Limbaugh hammered that notion - and called the left on some of their own hypocrisy in the bargain; while the left is squawking that the top ten radio conglomerates own 44% of the nation's radio stations, Limbaugh pointed out their silence about the parallel facts; the top ten (really top 5) movie companies own 99% of the film industry, and the top 10 record companies own a similar proportion of the music market.
The bid to re-regulate seems, more than anything, to be a bid to stifle the growth of conservative talk radio.
One of the de-regulators' main points; radio seems to have gotten more diverse, not less; the big conglomerates get 80% of the ratings, but they still own 2/5 of the stations. And that 60% of the remainder cover a wider variety of customers than they have in recent memory.
Back when I was still in radio - 13 years ago, during the twilight of the regulations that had ruled the industry since its inception - the Twin Cities had 20-odd commercial radio stations. Of them, four were country-western, and 7-8 were some combination of "classic rock" and "oldies" (the line between the two is hazy and involves picking an age out of a hat), 2-3 "CHR" stations of various flavors. You could hear the same song three times per hour if you were "lucky". When each station could only own one AM and one FM station, each had to cast the broadest net possible.
Today, the market has moved where the people are; each format has one, or at the most two, stations covering it, as the conglomerates use their many properties to narrowcast to different audiences; in the Twin Cities, one conglomerate has a classic rock station to keep the 25-54-year-old guys happy, a pseudo-"urban" station for his teenage kids, a country station for his redneck brother, an all-sports station for his not-very-bright, belligerent brother in law, an oldies station for the in-laws, and a pseudo-alternative station for his wife to listen to at work.
Another example? During the glory days of regulation, the Twin Cities' afro-American community constantly and accurately decried the market's lack of an "urban" or "R and B" station (other than an occasional foray by a weak AM station). Today, there are two.
Here's the part I find interesting; one of the biggest, albeit tacit, supporters of re-regulation has been Minnesota Public Radio, led by Bill Kling.

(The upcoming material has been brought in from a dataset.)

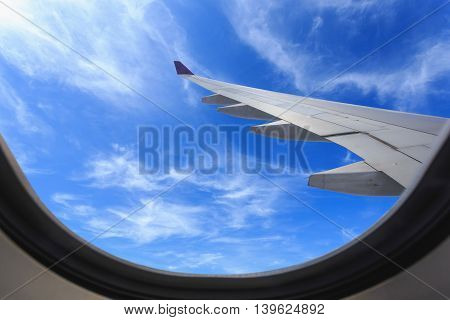 View Of Beautiful Cloud And Wing Of Airplane From Window
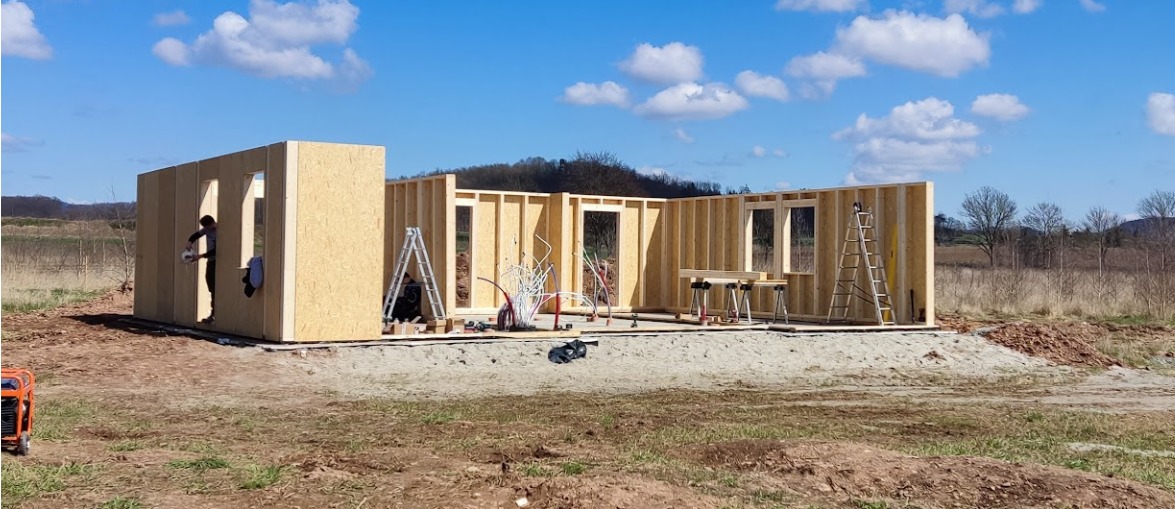 Wznoszenie konstrukcji modułowego domu z drewnianych paneli na fundamencie, widoczny pracownik w otworze okiennym, narzędzia i agregat prądotwórczy w tle.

Now, if genuine diversity is what you want, it'd seem that one would support the FCC's proposal to start licensing "low power FM" stations, little FM stations with a range of a few miles that can be bought (proponents say) for as little as $1000 - cheap enough that any non-profit community group can get into the radio business.
Who leads the opposition to LPFM, at least here in the Twin Cities?
Bill Kling.
It's hard to count the ways that further deregulation is a good idea, but I'll keep trying.